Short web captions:
<<<<

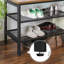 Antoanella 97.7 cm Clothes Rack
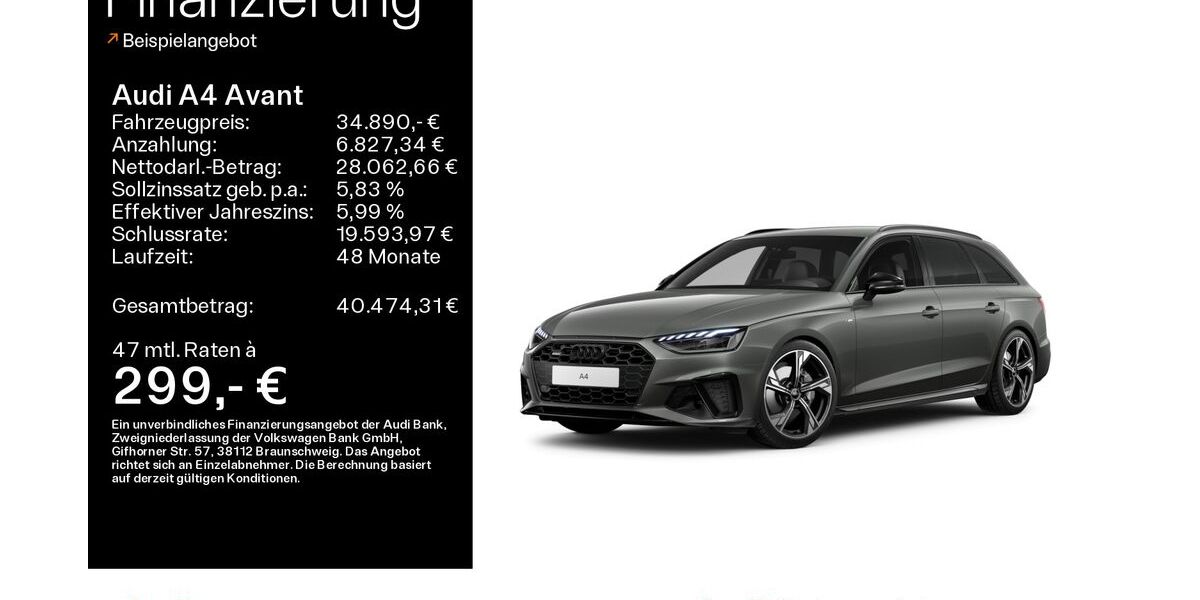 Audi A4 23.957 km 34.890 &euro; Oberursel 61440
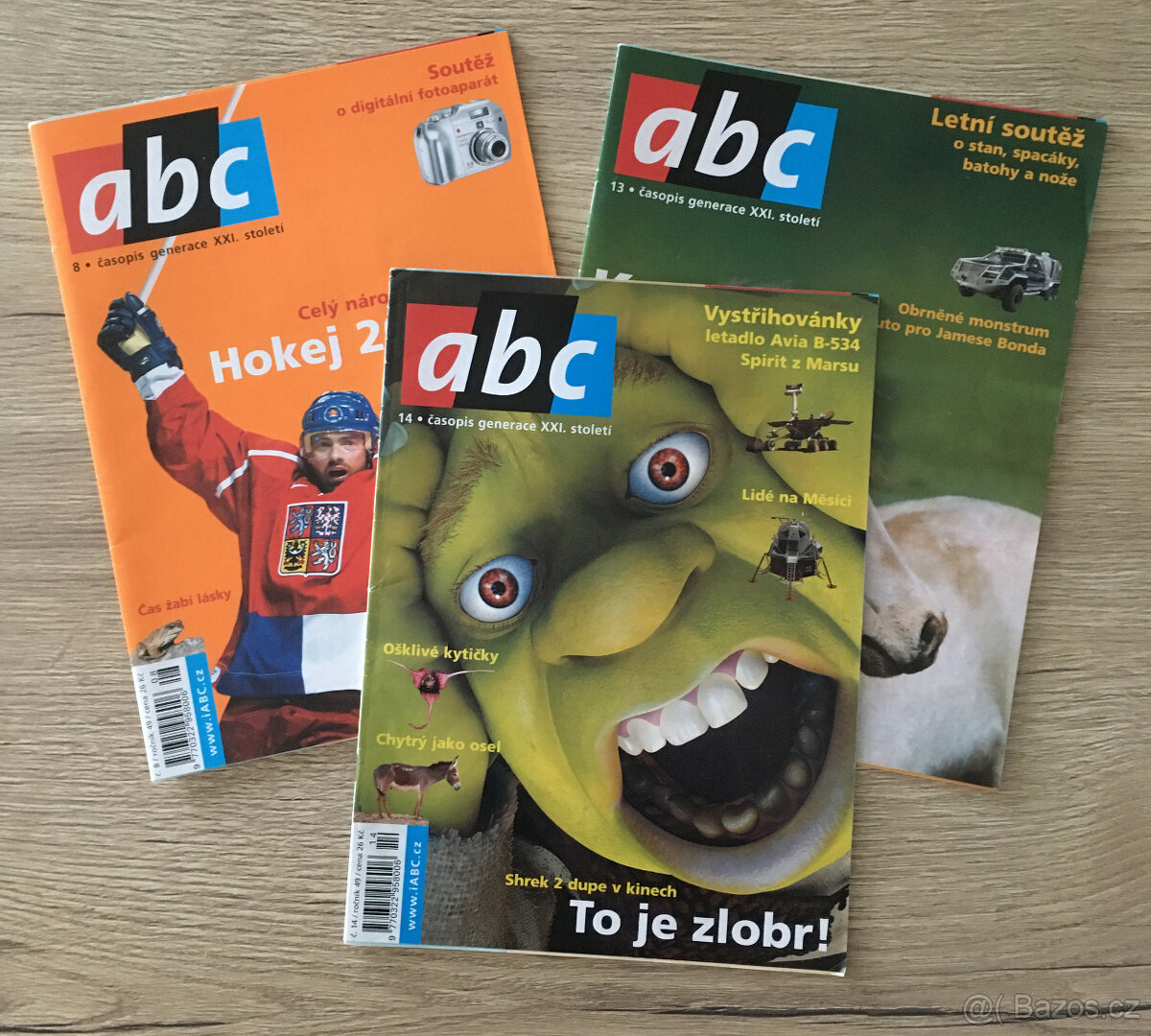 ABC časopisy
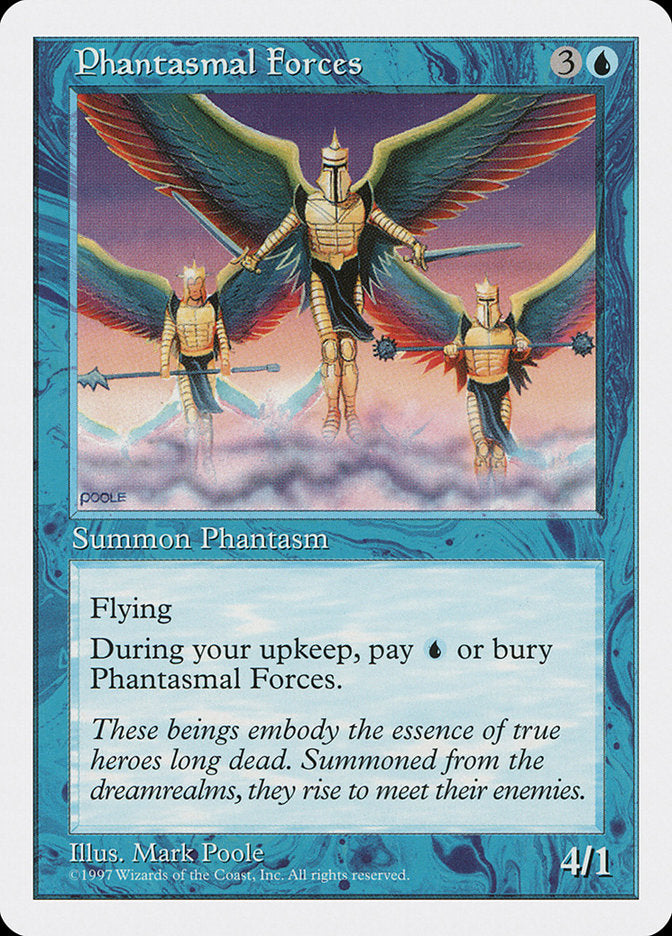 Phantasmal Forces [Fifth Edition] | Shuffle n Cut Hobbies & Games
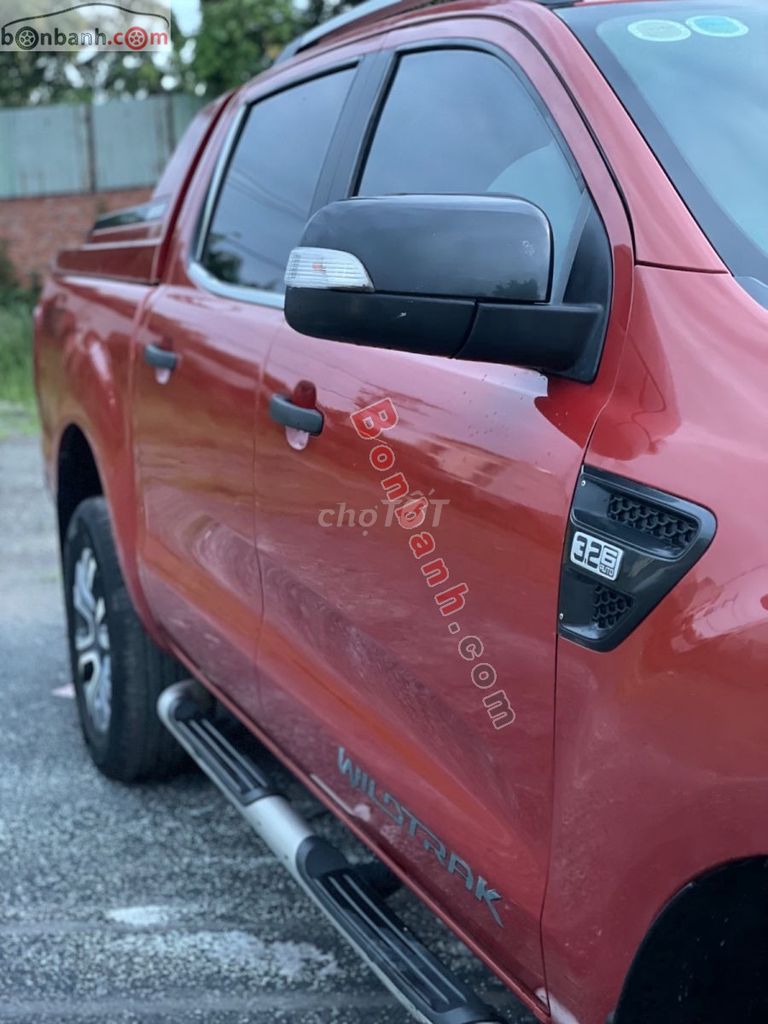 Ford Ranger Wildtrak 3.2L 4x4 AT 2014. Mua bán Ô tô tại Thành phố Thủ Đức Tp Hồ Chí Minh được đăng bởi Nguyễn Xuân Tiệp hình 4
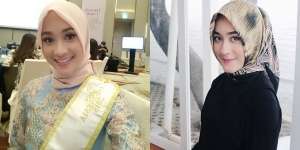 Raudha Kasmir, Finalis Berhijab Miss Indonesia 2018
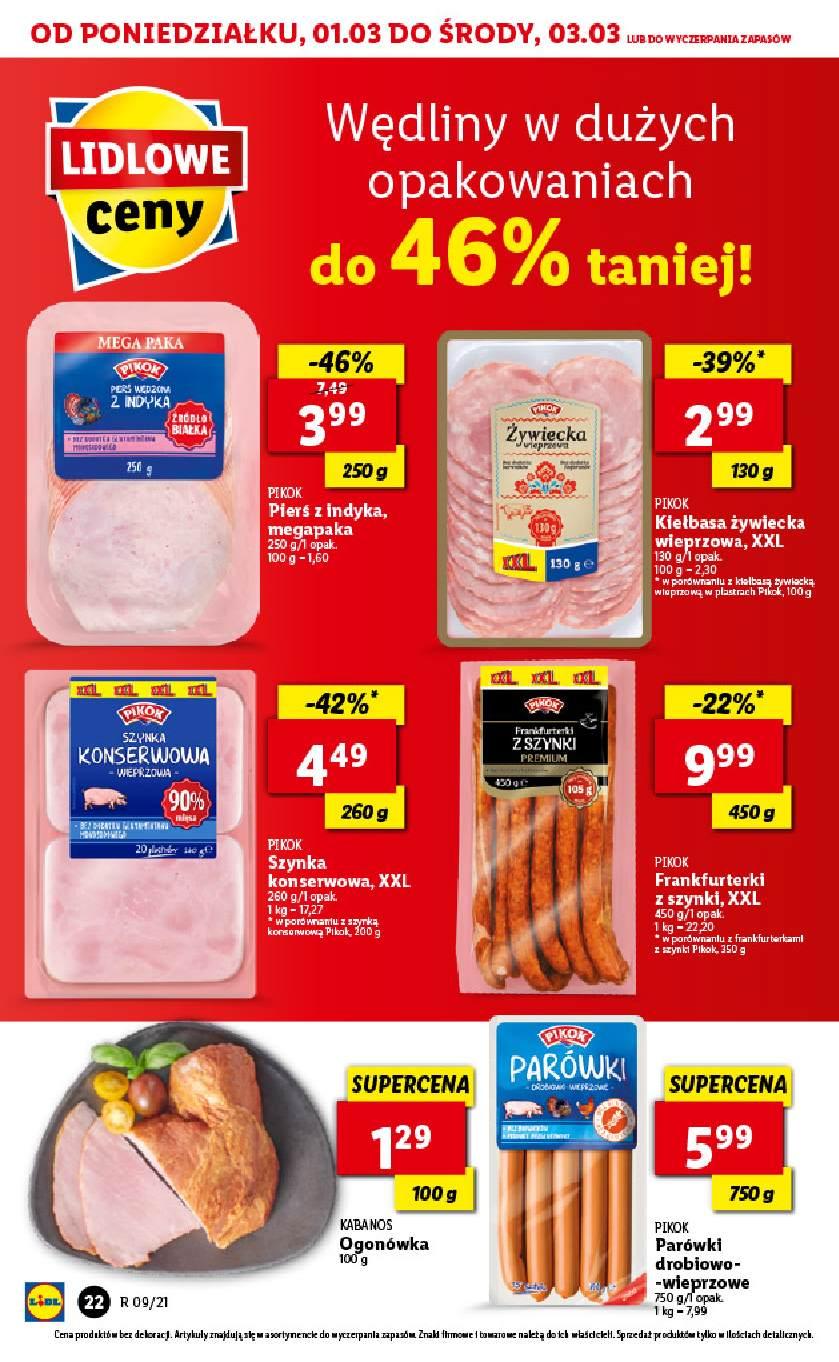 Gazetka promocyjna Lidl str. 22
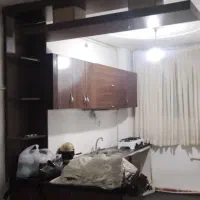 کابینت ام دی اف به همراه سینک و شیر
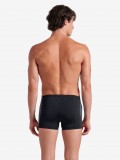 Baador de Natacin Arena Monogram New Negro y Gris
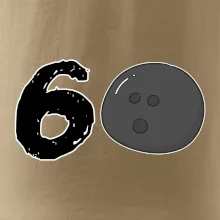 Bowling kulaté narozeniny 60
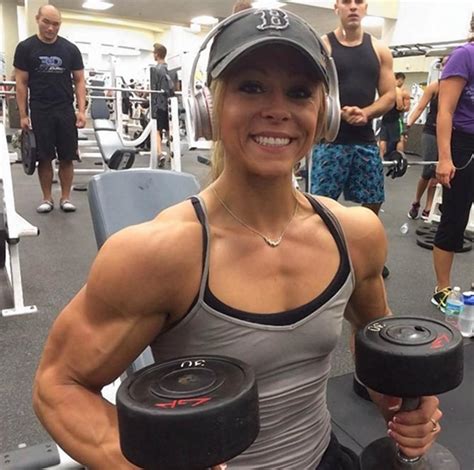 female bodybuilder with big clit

>>>>

**DESCRIPTION OF THE TASK**. With the pictures left out, give again exactly the lines from the one with "Bowling kulaté narozeniny 60" through the end of the data, both included.

**EXPECTED OUTPUT**.
 Bowling kulaté narozeniny 60
 female bodybuilder with big clit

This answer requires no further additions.